Association of German Banks’ president: weak growth in emerging markets no cause for alarm
“Concern about the global economy sliding towards a new crisis is exaggerated,” said Jürgen Fitschen, president of the Association of German Banks and co-chief executive officer of Deutsche Bank, on the occasion of the IMF/World Bank annual meeting in Lima. “The cooling off of the economic climate in the emerging markets is to some extent a normal correction of an earlier overheating,” Mr Fitschen argued. Moreover, some countries had home-made structural problems. Generally speaking, however, the emerging markets would continue to grow, albeit at a somewhat slower pace.
Besides, the industrialised countries could cushion some of the slowdown. The US, for example, was experiencing a healthy upturn, and the eurozone was recovering economically as well.
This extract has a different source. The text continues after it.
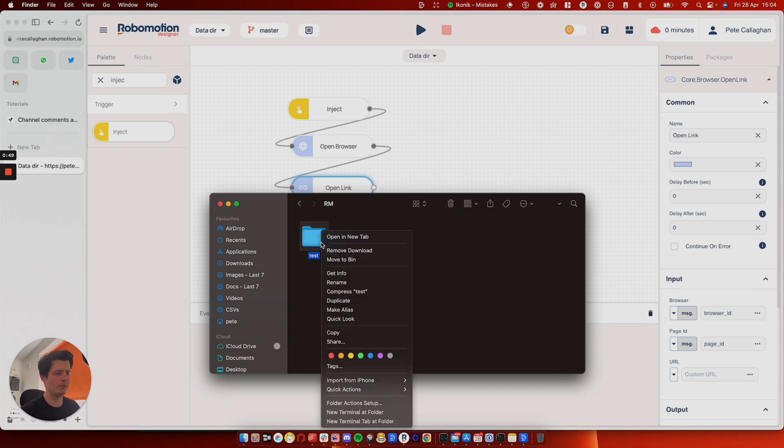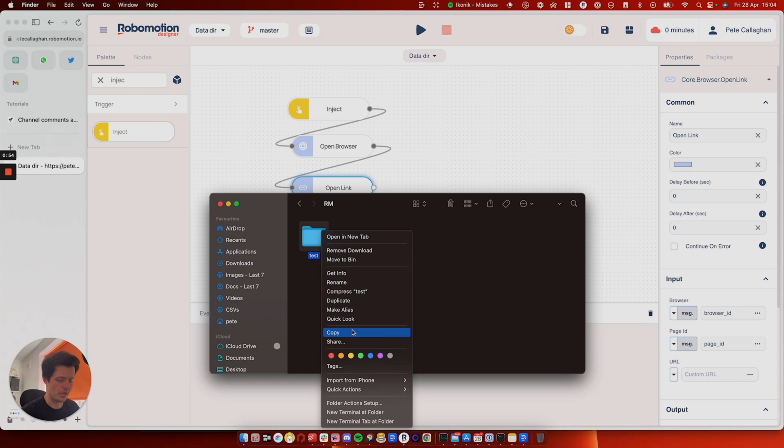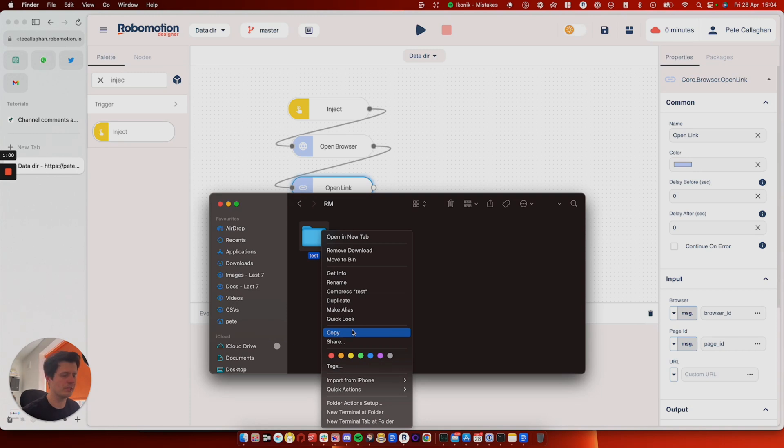When you right click it, if you're on Mac anyway, you'll see things like copy, share, all of that stuff. But if you press the alt, I think it's called generically alt. Anyway, press one of them. It will toggle it and you can copy as a path name, which is what you want to do.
Following quite modest growth of around 3% this year, the global economy as a whole could gain some momentum again next year.
Mr Fitschen was sceptical about a more expansive fiscal policy called for by some economists to stimulate demand. “In most countries, the weaker economic growth is due to persistent structural problems. A more expansive economic policy can’t eliminate these fundamental problems, it can only paper over them.”
Mr Fitschen did not share fears that a possible move by the US Federal Reserve on interest rates could trigger sudden capital movements and thus exacerbate the emerging markets’ difficult economic situation. “I’m confident that the Fed will manage to steer the further level of US monetary policy adjustment with due caution and circumspection. A move on interest rates would not pose any danger in this respect. It would, above all, underline that the US economy is now so robust that monetary policy can gradually leave crisis mode behind as well.”